The gateway to Everglades National Park, Fort Lauderdale’s mangroves and swampland are best explored up close. Take a park boat or tram tour; you’re sure to spot alligators, the king of South Florida’s sawgrass-filled “jungle.” Kayak or canoe your way along one of the dozen starter trails snaking through the park or tackle the more challenging 99-mile Wilderness Waterway.

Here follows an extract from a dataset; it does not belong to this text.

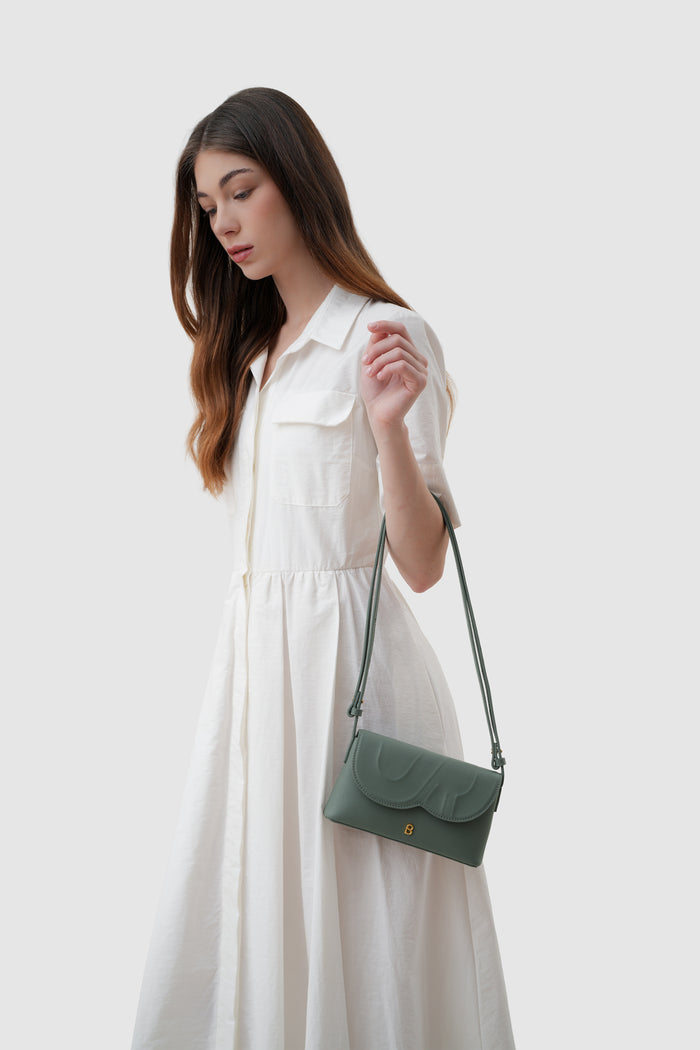 jenny sling bag in slate green by buttonscarves on wrist carry style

Some of the city’s best art isn’t on display at traditional museums—it’s sitting inside the 1920s Bonnet House, built on a coastal barrier island off Fort Lauderdale Beach. Artists Frederic and Evelyn Bartlett turned this one-time winter home into a living museum and art studio, which now opens up for drawing workshops and orchid care classes inspired by Evelyn’s own collection.
Best Day Trip
The trip down to Key West is tough to tackle in a day, but just a two-hour drive south will drop you in one of the top dive spots in the state: John Pennekamp Coral Reef State Park, America’s first undersea park—and home to the only living coral reef in the continental U.S.
Off the Beaten Path
Blue Moon Fish Company draws a well-heeled crowd (and their yachts) to its waterfront bottomless Champagne Sunday brunch spread, but the real local legend is farther north at Cap’s Place on an island off Lighthouse Point. The Rockefellers, Franklin D. Roosevelt, and George Harrison are some of the fashionable faces who used to frequent the one-time rum-running restaurant where the fish is so fresh, you have to call ahead to see what’s been caught (and still available) that day. Part of the charm is how you get there: Cap’s is only reachable by its boat shuttle.
Most Iconic Place
Once home to five-and-dime shops, chemists, and countertop eateries, Las Olas Boulevard has morphed into a modern-day main street with fashion boutiques, buzzy bistros, and riverside restaurants stretching from the beach to downtown. Grab a cup of locally roasted Panther Coffee at Ann’s Florist & Coffee Bar’s sidewalk café or grab a drink at Elbo Room, one of the dive bars that made Fort Lauderdale famous, thanks to its appearance in the 1960s film Where the Boys Are.
Neighborhood to Explore
The four-block FATVillage is like a mini version of Miami’s Wynwood, with warehouses converted into contemporary art galleries and sleek co-working spaces like the saloon-inspired General Provision. If you’re in town the last Saturday of the month, swing by for the evening ArtWalk, when galleries debut their latest exhibits and local artisans place their handcrafted wares on display at the GOODS curated makers market.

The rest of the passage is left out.